======== Supplied information ========
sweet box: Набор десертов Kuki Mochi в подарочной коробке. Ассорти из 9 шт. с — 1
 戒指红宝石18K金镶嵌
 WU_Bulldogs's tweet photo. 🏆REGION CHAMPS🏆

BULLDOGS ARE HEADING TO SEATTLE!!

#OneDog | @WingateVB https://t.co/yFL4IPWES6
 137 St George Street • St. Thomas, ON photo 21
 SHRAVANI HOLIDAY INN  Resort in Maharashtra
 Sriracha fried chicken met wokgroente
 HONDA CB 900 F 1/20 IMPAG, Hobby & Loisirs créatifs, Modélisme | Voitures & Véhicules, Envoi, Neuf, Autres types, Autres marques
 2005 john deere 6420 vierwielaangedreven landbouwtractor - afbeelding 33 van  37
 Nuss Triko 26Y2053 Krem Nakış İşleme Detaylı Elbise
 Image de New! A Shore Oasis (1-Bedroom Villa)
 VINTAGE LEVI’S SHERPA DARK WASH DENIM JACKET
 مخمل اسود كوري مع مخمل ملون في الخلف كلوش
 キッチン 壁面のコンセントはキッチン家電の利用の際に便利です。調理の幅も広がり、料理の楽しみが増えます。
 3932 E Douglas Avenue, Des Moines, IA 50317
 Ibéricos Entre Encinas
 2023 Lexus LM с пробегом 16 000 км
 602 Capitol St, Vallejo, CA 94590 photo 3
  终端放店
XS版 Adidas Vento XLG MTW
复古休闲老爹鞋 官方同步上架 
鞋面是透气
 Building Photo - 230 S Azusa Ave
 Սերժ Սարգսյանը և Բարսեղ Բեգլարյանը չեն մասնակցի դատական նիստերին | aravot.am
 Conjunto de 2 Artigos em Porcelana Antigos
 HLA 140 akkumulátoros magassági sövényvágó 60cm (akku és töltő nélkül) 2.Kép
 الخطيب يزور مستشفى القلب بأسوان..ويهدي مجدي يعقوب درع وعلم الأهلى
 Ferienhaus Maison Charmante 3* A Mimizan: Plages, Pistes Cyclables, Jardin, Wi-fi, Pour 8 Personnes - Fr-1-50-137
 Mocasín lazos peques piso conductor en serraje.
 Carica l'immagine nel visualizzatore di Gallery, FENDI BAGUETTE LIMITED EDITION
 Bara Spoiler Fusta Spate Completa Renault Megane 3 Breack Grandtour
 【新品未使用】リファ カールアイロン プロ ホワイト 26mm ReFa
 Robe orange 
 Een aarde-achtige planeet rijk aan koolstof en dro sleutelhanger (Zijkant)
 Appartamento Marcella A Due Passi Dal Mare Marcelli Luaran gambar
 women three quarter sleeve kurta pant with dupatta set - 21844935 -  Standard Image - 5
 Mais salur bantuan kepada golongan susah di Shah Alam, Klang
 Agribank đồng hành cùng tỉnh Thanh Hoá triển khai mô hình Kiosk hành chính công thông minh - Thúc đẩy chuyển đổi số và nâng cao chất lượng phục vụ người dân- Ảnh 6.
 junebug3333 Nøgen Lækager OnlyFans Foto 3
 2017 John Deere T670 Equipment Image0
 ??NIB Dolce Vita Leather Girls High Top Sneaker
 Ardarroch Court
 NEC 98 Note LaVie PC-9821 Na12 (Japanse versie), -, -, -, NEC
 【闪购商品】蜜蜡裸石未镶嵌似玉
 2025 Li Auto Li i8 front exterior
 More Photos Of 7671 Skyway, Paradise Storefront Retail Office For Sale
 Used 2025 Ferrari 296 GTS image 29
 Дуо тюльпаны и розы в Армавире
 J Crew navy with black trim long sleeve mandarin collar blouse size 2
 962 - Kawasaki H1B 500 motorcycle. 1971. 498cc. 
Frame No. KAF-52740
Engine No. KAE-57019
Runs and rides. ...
========
Aim of the task:
Every word of every entry must be returned as it appears.

Reply to the task:
sweet box: Набор десертов Kuki Mochi в подарочной коробке. Ассорти из 9 шт. с — 1
 戒指红宝石18K金镶嵌
 WU_Bulldogs's tweet photo. 🏆REGION CHAMPS🏆

BULLDOGS ARE HEADING TO SEATTLE!!

#OneDog | @WingateVB https://t.co/yFL4IPWES6
 137 St George Street • St. Thomas, ON photo 21
 SHRAVANI HOLIDAY INN  Resort in Maharashtra
 Sriracha fried chicken met wokgroente
 HONDA CB 900 F 1/20 IMPAG, Hobby & Loisirs créatifs, Modélisme | Voitures & Véhicules, Envoi, Neuf, Autres types, Autres marques
 2005 john deere 6420 vierwielaangedreven landbouwtractor - afbeelding 33 van  37
 Nuss Triko 26Y2053 Krem Nakış İşleme Detaylı Elbise
 Image de New! A Shore Oasis (1-Bedroom Villa)
 VINTAGE LEVI’S SHERPA DARK WASH DENIM JACKET
 مخمل اسود كوري مع مخمل ملون في الخلف كلوش
 キッチン 壁面のコンセントはキッチン家電の利用の際に便利です。調理の幅も広がり、料理の楽しみが増えます。
 3932 E Douglas Avenue, Des Moines, IA 50317
 Ibéricos Entre Encinas
 2023 Lexus LM с пробегом 16 000 км
 602 Capitol St, Vallejo, CA 94590 photo 3
  终端放店
XS版 Adidas Vento XLG MTW
复古休闲老爹鞋 官方同步上架 
鞋面是透气
 Building Photo - 230 S Azusa Ave
 Սերժ Սարգսյանը և Բարսեղ Բեգլարյանը չեն մասնակցի դատական նիստերին | aravot.am
 Conjunto de 2 Artigos em Porcelana Antigos
 HLA 140 akkumulátoros magassági sövényvágó 60cm (akku és töltő nélkül) 2.Kép
 الخطيب يزور مستشفى القلب بأسوان..ويهدي مجدي يعقوب درع وعلم الأهلى
 Ferienhaus Maison Charmante 3* A Mimizan: Plages, Pistes Cyclables, Jardin, Wi-fi, Pour 8 Personnes - Fr-1-50-137
 Mocasín lazos peques piso conductor en serraje.
 Carica l'immagine nel visualizzatore di Gallery, FENDI BAGUETTE LIMITED EDITION
 Bara Spoiler Fusta Spate Completa Renault Megane 3 Breack Grandtour
 【新品未使用】リファ カールアイロン プロ ホワイト 26mm ReFa
 Robe orange 
 Een aarde-achtige planeet rijk aan koolstof en dro sleutelhanger (Zijkant)
 Appartamento Marcella A Due Passi Dal Mare Marcelli Luaran gambar
 women three quarter sleeve kurta pant with dupatta set - 21844935 -  Standard Image - 5
 Mais salur bantuan kepada golongan susah di Shah Alam, Klang
 Agribank đồng hành cùng tỉnh Thanh Hoá triển khai mô hình Kiosk hành chính công thông minh - Thúc đẩy chuyển đổi số và nâng cao chất lượng phục vụ người dân- Ảnh 6.
 junebug3333 Nøgen Lækager OnlyFans Foto 3
 2017 John Deere T670 Equipment Image0
 ??NIB Dolce Vita Leather Girls High Top Sneaker
 Ardarroch Court
 NEC 98 Note LaVie PC-9821 Na12 (Japanse versie), -, -, -, NEC
 【闪购商品】蜜蜡裸石未镶嵌似玉
 2025 Li Auto Li i8 front exterior
 More Photos Of 7671 Skyway, Paradise Storefront Retail Office For Sale
 Used 2025 Ferrari 296 GTS image 29
 Дуо тюльпаны и розы в Армавире
 J Crew navy with black trim long sleeve mandarin collar blouse size 2
 962 - Kawasaki H1B 500 motorcycle. 1971. 498cc. 
Frame No. KAF-52740
Engine No. KAE-57019
Runs and rides. ...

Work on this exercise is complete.